--- WORK ITEM ---
Give an exact copy of every entry.

--- DATA TO PROCESS ---
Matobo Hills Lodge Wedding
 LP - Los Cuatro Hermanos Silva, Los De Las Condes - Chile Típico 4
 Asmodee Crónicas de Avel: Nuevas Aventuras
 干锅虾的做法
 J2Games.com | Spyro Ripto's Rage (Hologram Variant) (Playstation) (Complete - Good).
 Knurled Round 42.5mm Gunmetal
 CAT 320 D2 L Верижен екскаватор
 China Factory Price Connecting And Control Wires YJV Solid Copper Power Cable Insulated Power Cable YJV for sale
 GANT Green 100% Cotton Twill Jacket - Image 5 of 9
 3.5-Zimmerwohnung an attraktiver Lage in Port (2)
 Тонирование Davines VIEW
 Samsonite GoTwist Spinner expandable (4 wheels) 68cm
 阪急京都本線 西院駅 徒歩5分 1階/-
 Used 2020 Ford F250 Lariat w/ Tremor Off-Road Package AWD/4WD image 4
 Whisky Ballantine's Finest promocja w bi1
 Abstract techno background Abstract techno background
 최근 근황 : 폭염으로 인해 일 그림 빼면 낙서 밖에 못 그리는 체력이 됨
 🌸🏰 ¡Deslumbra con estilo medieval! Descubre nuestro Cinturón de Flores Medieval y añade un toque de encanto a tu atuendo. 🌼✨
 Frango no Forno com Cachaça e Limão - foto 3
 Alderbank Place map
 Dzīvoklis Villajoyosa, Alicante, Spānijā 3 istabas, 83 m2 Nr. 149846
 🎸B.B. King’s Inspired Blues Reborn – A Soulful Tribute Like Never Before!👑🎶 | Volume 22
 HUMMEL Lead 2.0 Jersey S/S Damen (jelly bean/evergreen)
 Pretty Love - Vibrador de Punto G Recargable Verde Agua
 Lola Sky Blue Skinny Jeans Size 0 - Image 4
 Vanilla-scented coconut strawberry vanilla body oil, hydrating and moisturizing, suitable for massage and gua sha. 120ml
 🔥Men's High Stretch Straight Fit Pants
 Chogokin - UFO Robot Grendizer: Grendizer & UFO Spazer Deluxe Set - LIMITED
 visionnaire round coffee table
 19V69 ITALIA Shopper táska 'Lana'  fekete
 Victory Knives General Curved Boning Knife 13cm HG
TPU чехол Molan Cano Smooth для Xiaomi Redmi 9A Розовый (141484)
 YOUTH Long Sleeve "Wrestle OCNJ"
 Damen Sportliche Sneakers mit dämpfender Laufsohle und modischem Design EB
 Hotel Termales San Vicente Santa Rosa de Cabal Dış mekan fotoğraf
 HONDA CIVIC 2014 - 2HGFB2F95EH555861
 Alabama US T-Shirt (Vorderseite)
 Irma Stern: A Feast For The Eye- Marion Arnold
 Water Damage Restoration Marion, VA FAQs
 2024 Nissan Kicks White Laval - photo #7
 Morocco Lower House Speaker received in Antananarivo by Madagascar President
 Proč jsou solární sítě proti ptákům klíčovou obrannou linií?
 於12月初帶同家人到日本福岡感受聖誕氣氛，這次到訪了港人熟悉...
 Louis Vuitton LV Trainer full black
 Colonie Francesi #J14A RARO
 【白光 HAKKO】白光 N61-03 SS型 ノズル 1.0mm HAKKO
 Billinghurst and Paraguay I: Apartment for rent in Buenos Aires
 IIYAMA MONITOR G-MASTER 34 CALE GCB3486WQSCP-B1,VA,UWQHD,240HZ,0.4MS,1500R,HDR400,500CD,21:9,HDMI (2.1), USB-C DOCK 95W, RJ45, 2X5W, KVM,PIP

--- OUTPUT FOR THIS TASK ---
Matobo Hills Lodge Wedding
 LP - Los Cuatro Hermanos Silva, Los De Las Condes - Chile Típico 4
 Asmodee Crónicas de Avel: Nuevas Aventuras
 干锅虾的做法
 J2Games.com | Spyro Ripto's Rage (Hologram Variant) (Playstation) (Complete - Good).
 Knurled Round 42.5mm Gunmetal
 CAT 320 D2 L Верижен екскаватор
 China Factory Price Connecting And Control Wires YJV Solid Copper Power Cable Insulated Power Cable YJV for sale
 GANT Green 100% Cotton Twill Jacket - Image 5 of 9
 3.5-Zimmerwohnung an attraktiver Lage in Port (2)
 Тонирование Davines VIEW
 Samsonite GoTwist Spinner expandable (4 wheels) 68cm
 阪急京都本線 西院駅 徒歩5分 1階/-
 Used 2020 Ford F250 Lariat w/ Tremor Off-Road Package AWD/4WD image 4
 Whisky Ballantine's Finest promocja w bi1
 Abstract techno background Abstract techno background
 최근 근황 : 폭염으로 인해 일 그림 빼면 낙서 밖에 못 그리는 체력이 됨
 🌸🏰 ¡Deslumbra con estilo medieval! Descubre nuestro Cinturón de Flores Medieval y añade un toque de encanto a tu atuendo. 🌼✨
 Frango no Forno com Cachaça e Limão - foto 3
 Alderbank Place map
 Dzīvoklis Villajoyosa, Alicante, Spānijā 3 istabas, 83 m2 Nr. 149846
 🎸B.B. King’s Inspired Blues Reborn – A Soulful Tribute Like Never Before!👑🎶 | Volume 22
 HUMMEL Lead 2.0 Jersey S/S Damen (jelly bean/evergreen)
 Pretty Love - Vibrador de Punto G Recargable Verde Agua
 Lola Sky Blue Skinny Jeans Size 0 - Image 4
 Vanilla-scented coconut strawberry vanilla body oil, hydrating and moisturizing, suitable for massage and gua sha. 120ml
 🔥Men's High Stretch Straight Fit Pants
 Chogokin - UFO Robot Grendizer: Grendizer & UFO Spazer Deluxe Set - LIMITED
 visionnaire round coffee table
 19V69 ITALIA Shopper táska 'Lana'  fekete
 Victory Knives General Curved Boning Knife 13cm HG
TPU чехол Molan Cano Smooth для Xiaomi Redmi 9A Розовый (141484)
 YOUTH Long Sleeve "Wrestle OCNJ"
 Damen Sportliche Sneakers mit dämpfender Laufsohle und modischem Design EB
 Hotel Termales San Vicente Santa Rosa de Cabal Dış mekan fotoğraf
 HONDA CIVIC 2014 - 2HGFB2F95EH555861
 Alabama US T-Shirt (Vorderseite)
 Irma Stern: A Feast For The Eye- Marion Arnold
 Water Damage Restoration Marion, VA FAQs
 2024 Nissan Kicks White Laval - photo #7
 Morocco Lower House Speaker received in Antananarivo by Madagascar President
 Proč jsou solární sítě proti ptákům klíčovou obrannou linií?
 於12月初帶同家人到日本福岡感受聖誕氣氛，這次到訪了港人熟悉...
 Louis Vuitton LV Trainer full black
 Colonie Francesi #J14A RARO
 【白光 HAKKO】白光 N61-03 SS型 ノズル 1.0mm HAKKO
 Billinghurst and Paraguay I: Apartment for rent in Buenos Aires
 IIYAMA MONITOR G-MASTER 34 CALE GCB3486WQSCP-B1,VA,UWQHD,240HZ,0.4MS,1500R,HDR400,500CD,21:9,HDMI (2.1), USB-C DOCK 95W, RJ45, 2X5W, KVM,PIP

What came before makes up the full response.